Author
Listed:
- Wang, Duo
- Hu, Yunge
- Yang, Lijia
- Li, Yanxi
Abstract
Based on the Resource-Based Theory, this study systematically examines the impact of ESG structural imbalance on corporate green innovation from the dual perspectives of "strategy-driven" and "compliance-driven". The findings reveal that ESG structural imbalance significantly inhibits corporate green innovation, which supports the "compliance-driven" hypothesis. And the degradation in internal self-sustaining capability and constraints in external resource acquisition serve as primary mechanisms. In addition, state-owned enterprises or firms with operating in favorable external information environments can mitigate the negative effect of ESG structural imbalance on green innovation by buffering resource redundancy and reducing investor decision noise. Further analysis shows that ESG structural imbalance offsets the promoting effect of overall ESG performance on green innovation, preventing green innovation from achieving expected enhancement. Furthermore, the inhibitory effect of ESG structural imbalance on green innovation is primarily driven by the environmental dimension.
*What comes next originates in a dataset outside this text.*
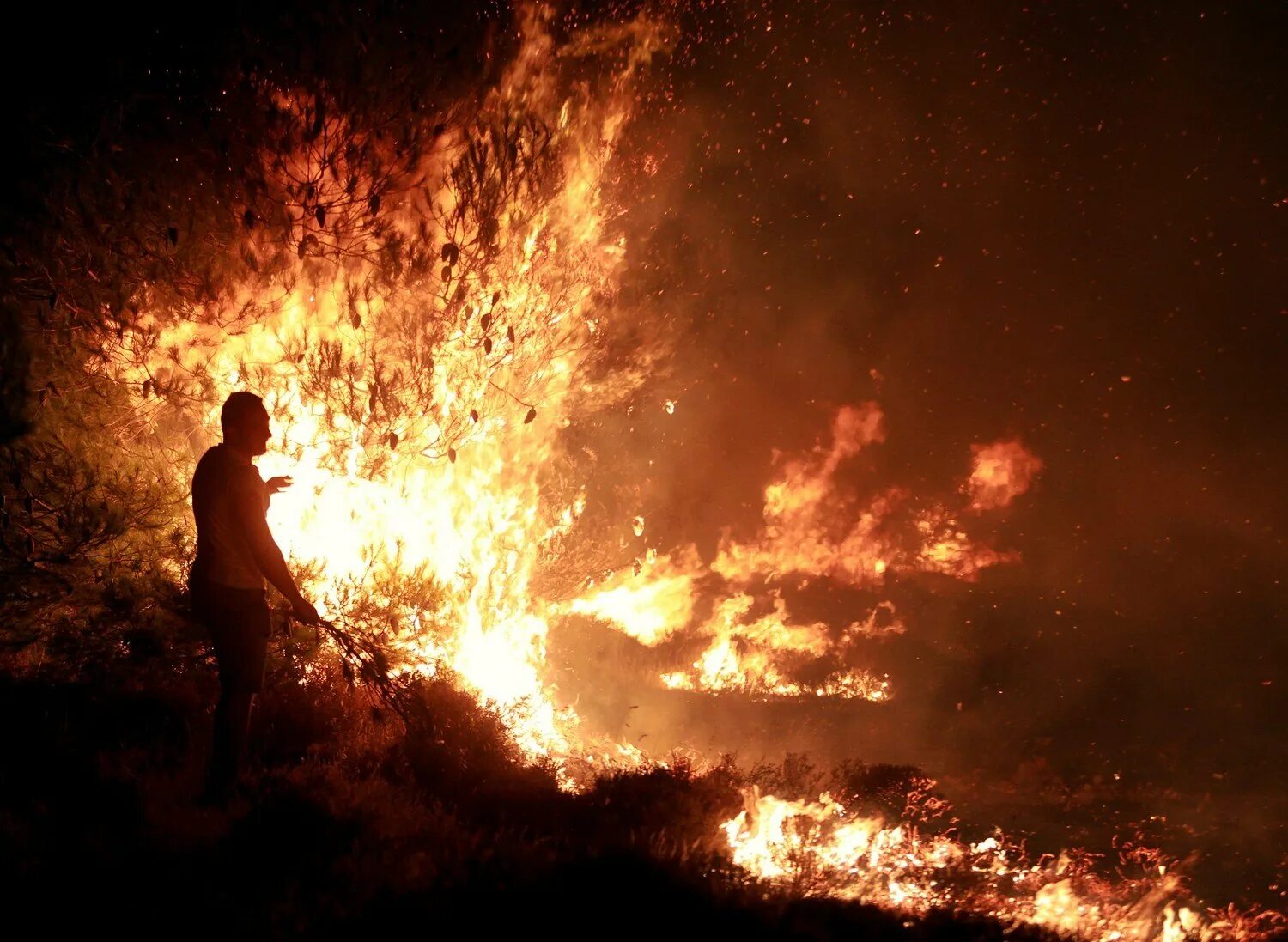 Сгоревшие мечты. Человек огонь. Человек на фоне пожара. Человек на фоне огня.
And compared to substantive green innovation, ESG structural imbalance more substantially suppresses strategic green innovation and degrades green innovation quality. By focusing on corporate green innovation activities, this study expands the connotation of sustainable development theory from an internal ESG equilibrium perspective, offering policy insights for enterprises to optimize ESG strategic frameworks and for regulators to refine ESG disclosure systems.
Suggested Citation
Wang, Duo & Hu, Yunge & Yang, Lijia & Li, Yanxi, 2026.
"The equilibrium dilemma: ESG structural imbalance and corporate green innovation,"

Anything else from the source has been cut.